▶ _Required action_: Would you please copy each line below that includes the string "Toyota"?

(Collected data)

= Beginning of Section =

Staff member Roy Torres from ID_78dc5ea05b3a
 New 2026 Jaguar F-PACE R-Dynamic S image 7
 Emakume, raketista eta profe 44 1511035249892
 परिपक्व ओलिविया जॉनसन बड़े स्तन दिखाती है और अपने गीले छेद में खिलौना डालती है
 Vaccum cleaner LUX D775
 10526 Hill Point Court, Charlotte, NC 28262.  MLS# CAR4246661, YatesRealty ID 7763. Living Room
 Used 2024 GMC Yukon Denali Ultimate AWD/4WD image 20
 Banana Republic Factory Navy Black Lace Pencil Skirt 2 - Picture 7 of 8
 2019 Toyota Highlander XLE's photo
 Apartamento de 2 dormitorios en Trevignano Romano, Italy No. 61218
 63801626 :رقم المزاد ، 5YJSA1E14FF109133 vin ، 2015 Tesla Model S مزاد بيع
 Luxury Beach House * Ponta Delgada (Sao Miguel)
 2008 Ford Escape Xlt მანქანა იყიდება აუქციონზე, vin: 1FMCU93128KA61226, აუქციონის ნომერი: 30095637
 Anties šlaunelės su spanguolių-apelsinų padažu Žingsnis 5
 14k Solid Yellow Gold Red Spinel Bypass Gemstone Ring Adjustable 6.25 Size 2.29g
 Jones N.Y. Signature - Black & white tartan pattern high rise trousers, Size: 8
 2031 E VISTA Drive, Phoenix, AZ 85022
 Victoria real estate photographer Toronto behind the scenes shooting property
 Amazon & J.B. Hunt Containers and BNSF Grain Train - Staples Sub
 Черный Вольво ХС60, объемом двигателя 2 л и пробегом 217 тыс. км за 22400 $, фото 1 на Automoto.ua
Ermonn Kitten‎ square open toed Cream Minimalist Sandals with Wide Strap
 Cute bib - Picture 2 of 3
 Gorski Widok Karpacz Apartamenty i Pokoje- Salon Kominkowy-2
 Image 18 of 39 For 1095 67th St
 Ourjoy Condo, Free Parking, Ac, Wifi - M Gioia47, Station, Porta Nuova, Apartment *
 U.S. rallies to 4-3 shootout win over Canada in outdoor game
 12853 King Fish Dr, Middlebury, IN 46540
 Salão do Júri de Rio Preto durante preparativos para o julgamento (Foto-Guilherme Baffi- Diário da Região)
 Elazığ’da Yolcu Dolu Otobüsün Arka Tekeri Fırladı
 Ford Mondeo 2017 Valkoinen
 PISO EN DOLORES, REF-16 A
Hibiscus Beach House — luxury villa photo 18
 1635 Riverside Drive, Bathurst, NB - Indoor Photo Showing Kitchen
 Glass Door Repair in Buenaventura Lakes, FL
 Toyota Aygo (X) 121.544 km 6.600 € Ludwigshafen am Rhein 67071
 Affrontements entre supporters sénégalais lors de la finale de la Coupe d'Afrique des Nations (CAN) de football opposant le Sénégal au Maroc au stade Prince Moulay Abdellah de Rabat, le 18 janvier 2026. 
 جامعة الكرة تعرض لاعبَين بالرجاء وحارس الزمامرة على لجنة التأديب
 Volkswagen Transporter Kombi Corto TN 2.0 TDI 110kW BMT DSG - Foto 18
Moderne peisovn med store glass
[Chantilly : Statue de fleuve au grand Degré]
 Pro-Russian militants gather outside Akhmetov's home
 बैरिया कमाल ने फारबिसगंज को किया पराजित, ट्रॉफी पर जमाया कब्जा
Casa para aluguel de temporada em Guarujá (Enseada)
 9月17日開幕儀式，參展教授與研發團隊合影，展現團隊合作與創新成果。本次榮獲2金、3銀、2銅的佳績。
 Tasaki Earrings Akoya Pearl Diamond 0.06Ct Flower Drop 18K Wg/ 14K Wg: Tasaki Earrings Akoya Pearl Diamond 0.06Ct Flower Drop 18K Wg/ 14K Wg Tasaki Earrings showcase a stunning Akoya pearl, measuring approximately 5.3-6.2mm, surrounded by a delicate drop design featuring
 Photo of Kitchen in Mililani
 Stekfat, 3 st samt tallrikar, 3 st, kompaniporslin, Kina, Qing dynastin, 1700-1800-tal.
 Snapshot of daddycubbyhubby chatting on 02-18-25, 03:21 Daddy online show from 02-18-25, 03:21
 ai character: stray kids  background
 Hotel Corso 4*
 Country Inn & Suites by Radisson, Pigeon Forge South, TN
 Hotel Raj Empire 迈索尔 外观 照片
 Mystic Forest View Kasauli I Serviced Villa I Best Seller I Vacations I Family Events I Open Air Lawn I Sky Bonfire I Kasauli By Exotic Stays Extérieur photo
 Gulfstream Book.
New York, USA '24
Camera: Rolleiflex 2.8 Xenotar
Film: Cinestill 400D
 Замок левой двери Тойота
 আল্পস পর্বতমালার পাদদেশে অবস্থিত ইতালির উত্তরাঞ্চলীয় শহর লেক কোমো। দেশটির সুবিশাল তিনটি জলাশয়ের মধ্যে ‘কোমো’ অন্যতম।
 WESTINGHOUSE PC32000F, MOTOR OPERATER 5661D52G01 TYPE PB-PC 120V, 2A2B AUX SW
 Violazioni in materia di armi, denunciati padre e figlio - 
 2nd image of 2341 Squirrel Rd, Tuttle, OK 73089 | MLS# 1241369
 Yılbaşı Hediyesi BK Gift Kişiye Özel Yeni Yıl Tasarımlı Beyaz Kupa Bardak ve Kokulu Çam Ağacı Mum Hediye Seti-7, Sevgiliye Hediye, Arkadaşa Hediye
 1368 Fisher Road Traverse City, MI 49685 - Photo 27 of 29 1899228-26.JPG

= End of Section =

▶ _Solution to this task_:
 2019 Toyota Highlander XLE's photo
 Toyota Aygo (X) 121.544 km 6.600 € Ludwigshafen am Rhein 67071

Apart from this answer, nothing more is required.